Dessarte, para “viver” é necessário “temer”. Seja o
medo de viver por si mesmo, seja o medo de ser “outra vez” abandonado (como
fomos abandonados pelo útero da nossa mãe, seu seio e, por fim, por seu colo)
ou, ainda, medo de depender de alguém. É nessa angústia paradoxal do “preciso”,
mas, “não devo me entregar tanto” é que partimos para os nossos “encontros da
vida” onde todo o nosso universo relacional se encontra sobre o alicerce paradoxal do medo.
E por ser paradoxal, não é contraditório é, antes, funcional e promotor das
relações minimamente saudáveis. Contudo, para nos realizarmos enquanto “eu
espelhado”, (um “eu” em relação ao “rosto” do outro) precisamos enfrentar esses
temores, e ter consciência de que, para crescer, não basta sermos nós mesmos,
mas é preciso participar da individualidade do outro ou, então, permitir que
essa individualidade nos penetre; sem o que muitos outros medos, podem se apoderar
de nós principalmente: o de sermos completamente absorvidos pela individualidade do outro, o
medo de perder a nossa individualidade, ou ainda o medo dessa alteridade nos
roubar a nossa independência. Na verdade, em última análise, um pouco disso
ocorrerá – a questão é o quanto somos nós mesmos para suportarmos o peso de um “totalmente
outro” entrando pelas células da nossa intimidade e, mesmo assim, sairmos mais
saudáveis, humanos e socializados desse “fascinante e tremendo encontro”.

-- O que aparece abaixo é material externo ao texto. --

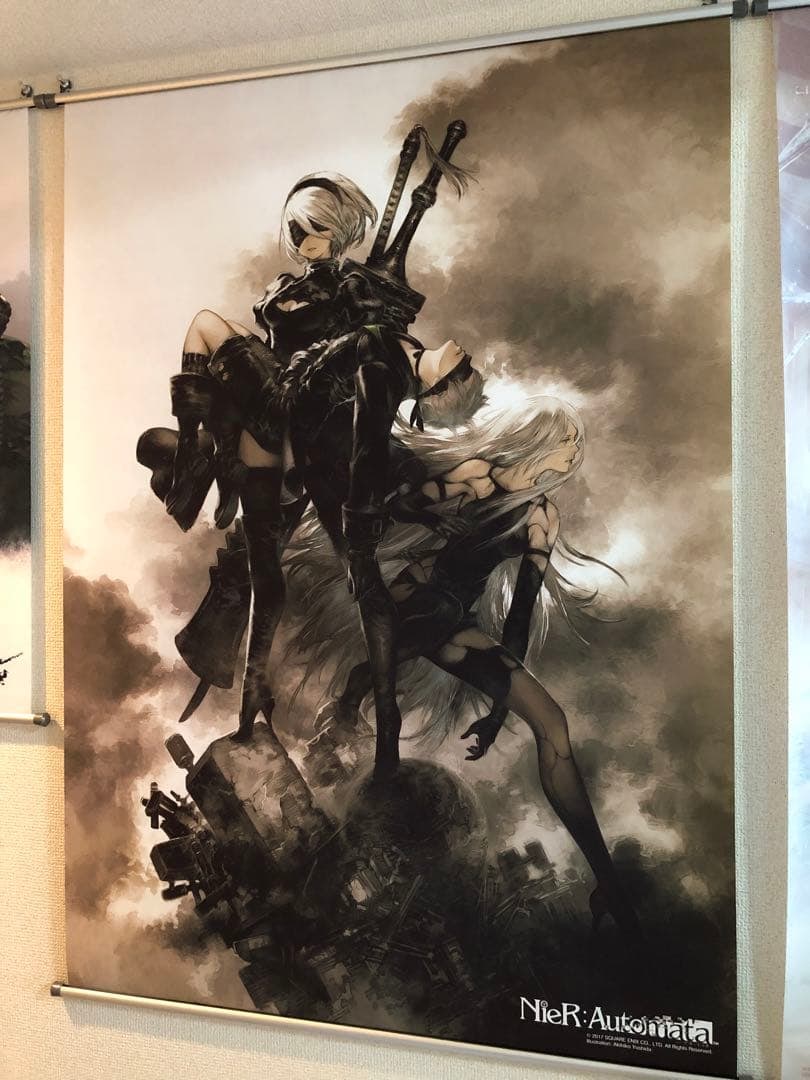 Tapestry Poster of "Nier: Automata": This is a rather large wall-hanging poster. This is a tapestry of "Nier: Automata". It was once hung on the wall, but there is no noticeable fading. The corners of the poster are slightly bent, but ov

Muitas das nossas fobias sociais e todas as suas
comorbidades advêm dessa divisa: temos muito mais dúvida do que somos do que
convicção daquilo que queremos; ou seja, será que queremos jogar um jogo tão
arriscado assim? Vale a pena, na busca da intimidade relacional, correr o risco
de perder a independência, ainda que infantilizada e fóbica? Vale a pena ser
mais solitários que solidários? Mantermo-nos afastados do “interior da vida fechada”
dos verdadeiros “acontecimentos”, conservar a nossa superficial paz de espírito
ou vivermos “entre muita gente” solidária e engajadamente identificando-se com
o “outro” em todas as suas instâncias?
Como seres criados “para”, não encontramos tudo o que
precisamos de humano em nós mesmos. Nosso destino, bem como o estímulo vão para
o prazer funcional que está no fato de realmente conhecer e conviver com alguém
– ainda que nos seja doloroso e arriscado. Toda pessoa madura já passou por
esse caminho correu esse risco, e colheu os seus frutos.
Por medo, muitos corajosos mas, psicologicamente
infantis exibiam coragem física, instintiva e animal, ao invés de se deixarem
conhecer fogem, quando agridem, machucam e matam.
Aqueles que têm “coragem de ser” (Paul Tilich) se
deixaram viver e se deixaram morrer em favor de um “outro” qualquer ou de uma
verdade. Quem tem autonomia sobre a sua vida tem-na também de sua morte. Essa é
a ultima coragem a única verdade e a razão do “tudo da vida”. E eu, nunca vi ou
li sobre alguém, que se arriscou a esse ponto, ser infeliz ou decepcionado com a vida porque assumiram esse risco de viver no absoluto de si-mesmo, em busca de uma
vida mais rica ao encontrar o seu próximo com toda sua riqueza individual. E o
melhor é que essa percepção não é in
abstracto e, sim, uma fusão dinâmica interacional e imediatamente social.